1. All else equal aggregate demand is most likely to decrease in response to a decrease in a. interest rates b. fedral tax revenues c. the value of the dollar d. expected corporate profits 2. Assumming the economy is operating at full employment, what is the most likely long run effect of an increase in govenment spending on the price level and real GDP? Price level Real GDP a. increase increase b. increase no change c. no change increase d. no change no change
  1. Aggregate demand slopes downward and is a function of the following exogenous and endogenous variables: AD= GDP = Y = C+I +G + (X-M) Now, looking at the question, if AD decrease, it will shift downward (in the graph Price level- Real GDP).
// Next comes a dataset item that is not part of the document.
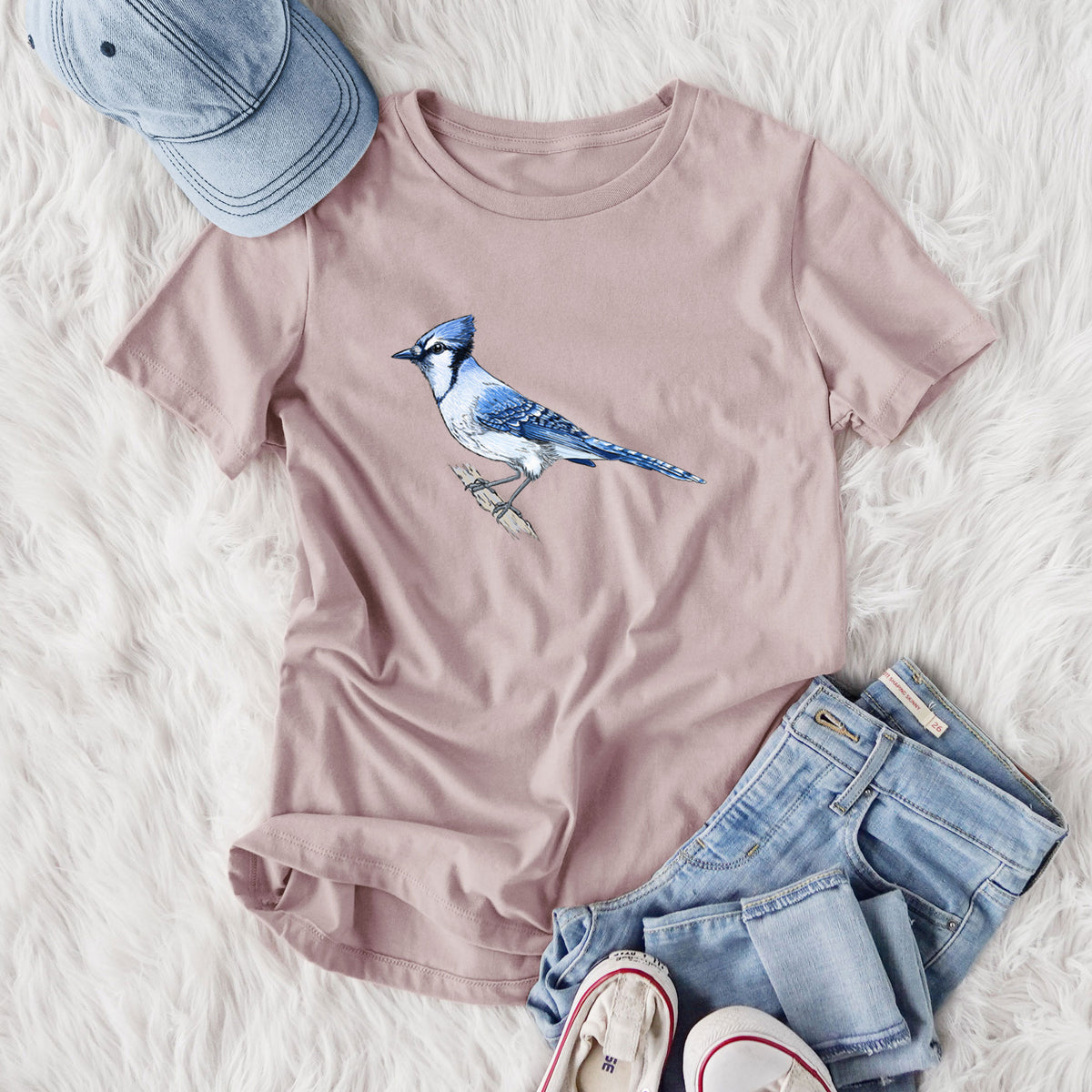 Women's relaxed fit cotton t-shirt printed with a full-color illustration of a blue jay perched on a branch, styled flat on a white faux fur rug with jeans.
A. interest rates (True as as decrease in interest rates will decrease price and hence the AD will shift downward). 2. Answer A

Sorry strangedays both answers are not correct. Give it another short

:slight_smile: This economics it is killing me…to many things to remember… skfadkddsdsfd… Ommm Ommmm

what about a D and B.

yes! you got it this time congrats!

I think you got it now

Here there is the explanation: 1)Condering the equation: AD= GDP = Y = C+I +G + (X-M) if corporate profit decrease, I (investment) decrease and hence AD decrease. 2) Because the economic is at full employment and hence at it s natural rate of employment, “in the long run” (to note) the GDP will be unchanged and only result in increasing inflation (hence price).